» What is needed
The result should be a word-for-word retyping of the entries below, free of pictures.

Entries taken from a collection
════
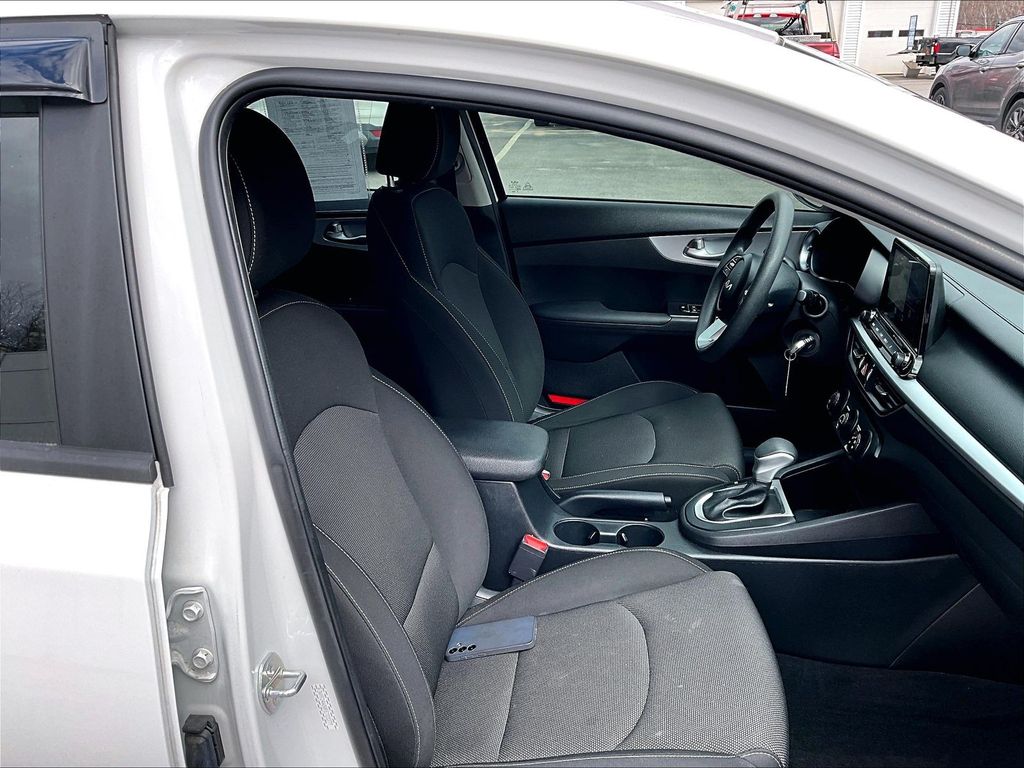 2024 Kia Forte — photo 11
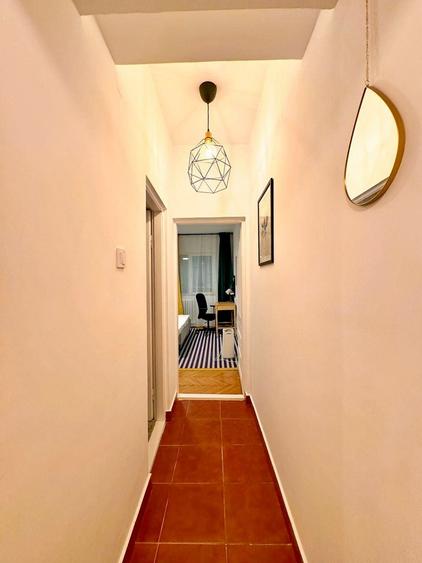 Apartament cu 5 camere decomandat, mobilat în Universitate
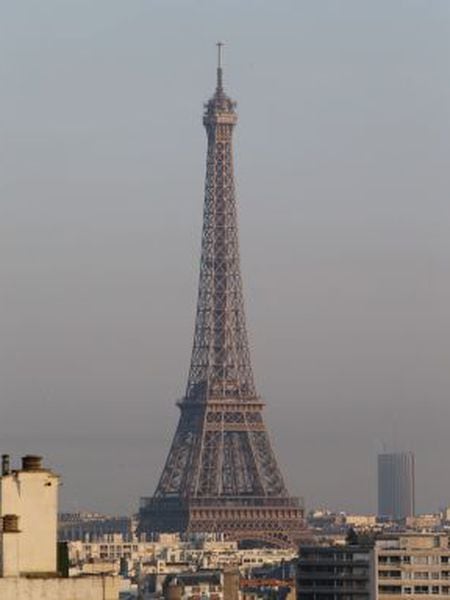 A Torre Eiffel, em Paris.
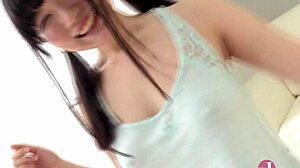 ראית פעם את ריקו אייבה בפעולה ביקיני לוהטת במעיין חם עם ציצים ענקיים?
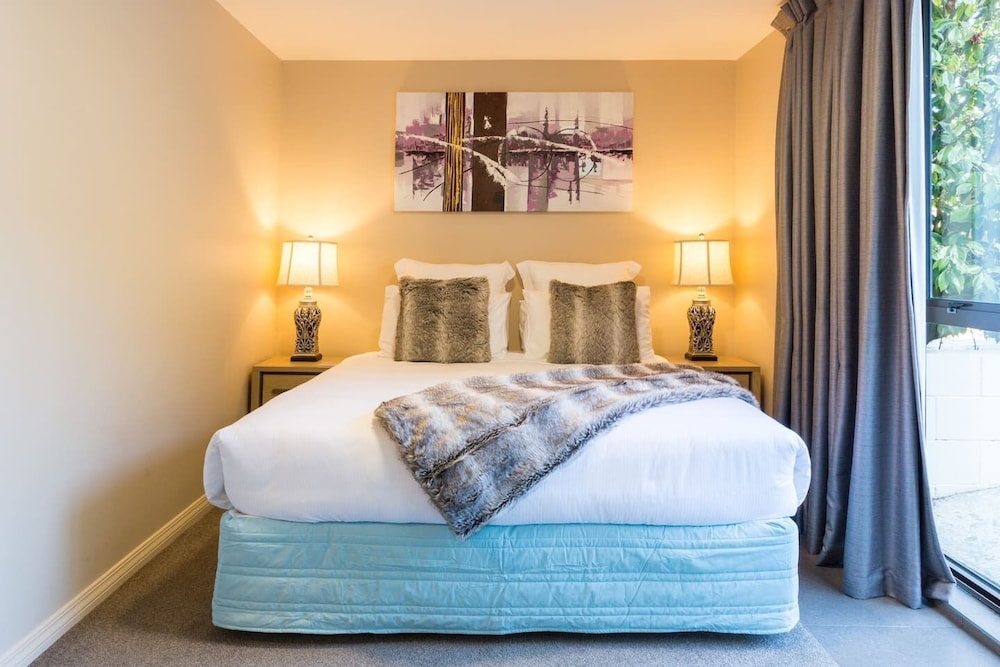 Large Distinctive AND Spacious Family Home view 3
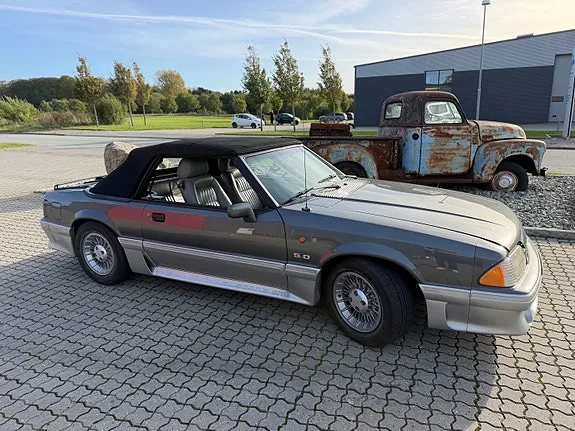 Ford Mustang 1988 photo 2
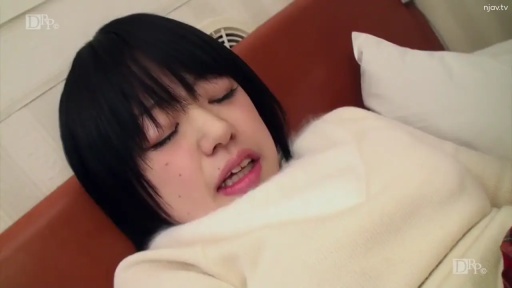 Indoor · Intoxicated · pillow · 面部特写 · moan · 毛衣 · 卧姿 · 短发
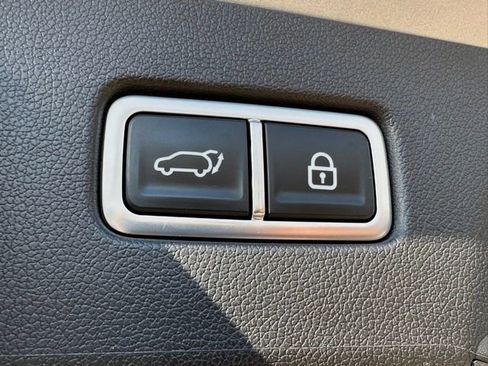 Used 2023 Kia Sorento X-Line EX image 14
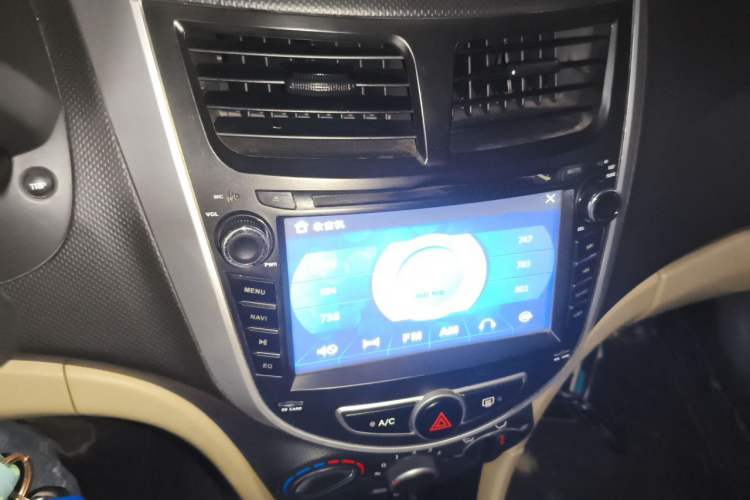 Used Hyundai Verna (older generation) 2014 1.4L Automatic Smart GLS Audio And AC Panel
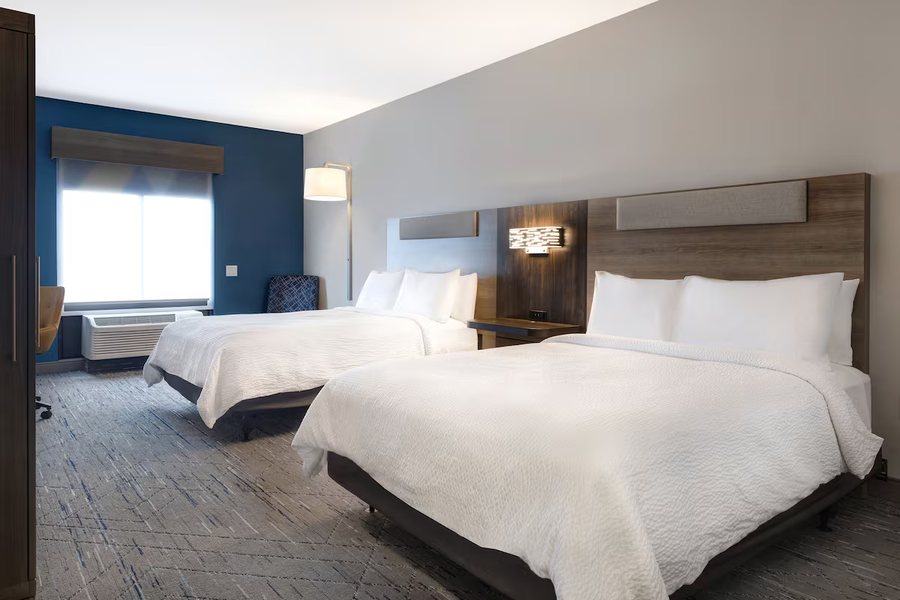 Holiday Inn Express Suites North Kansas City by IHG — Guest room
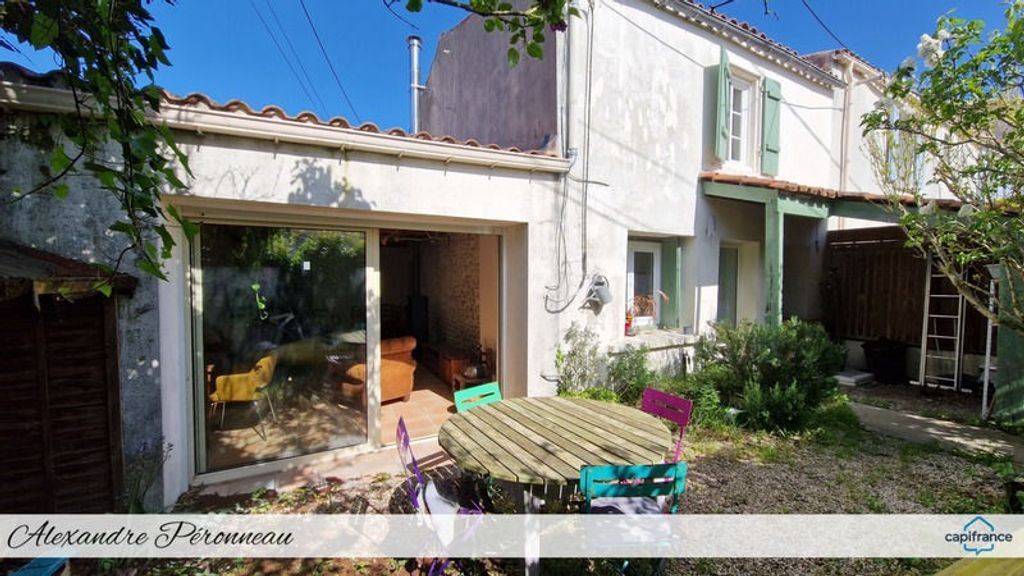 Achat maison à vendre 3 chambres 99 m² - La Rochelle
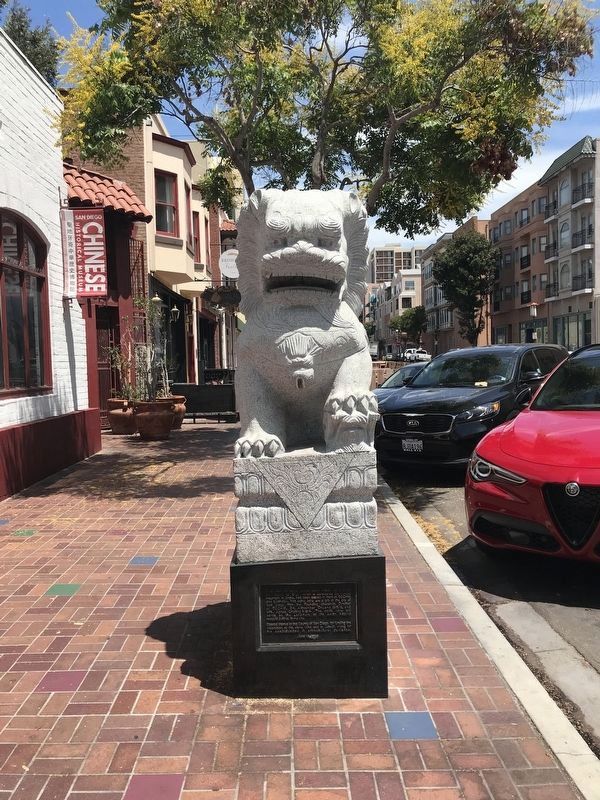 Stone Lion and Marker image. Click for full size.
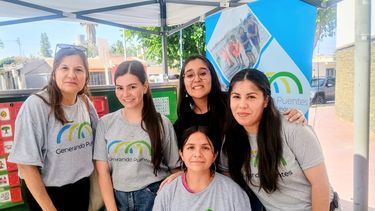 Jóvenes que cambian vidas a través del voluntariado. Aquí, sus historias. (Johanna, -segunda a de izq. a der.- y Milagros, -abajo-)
════
» Written response
 2024 Kia Forte — photo 11
 Apartament cu 5 camere decomandat, mobilat în Universitate
 A Torre Eiffel, em Paris.
 ראית פעם את ריקו אייבה בפעולה ביקיני לוהטת במעיין חם עם ציצים ענקיים?
 Large Distinctive AND Spacious Family Home view 3
 Ford Mustang 1988 photo 2
 Indoor · Intoxicated · pillow · 面部特写 · moan · 毛衣 · 卧姿 · 短发
 Used 2023 Kia Sorento X-Line EX image 14
 Used Hyundai Verna (older generation) 2014 1.4L Automatic Smart GLS Audio And AC Panel
 Holiday Inn Express Suites North Kansas City by IHG — Guest room
 Achat maison à vendre 3 chambres 99 m² - La Rochelle
 Stone Lion and Marker image. Click for full size.
 Jóvenes que cambian vidas a través del voluntariado. Aquí, sus historias. (Johanna, -segunda a de izq. a der.- y Milagros, -abajo-)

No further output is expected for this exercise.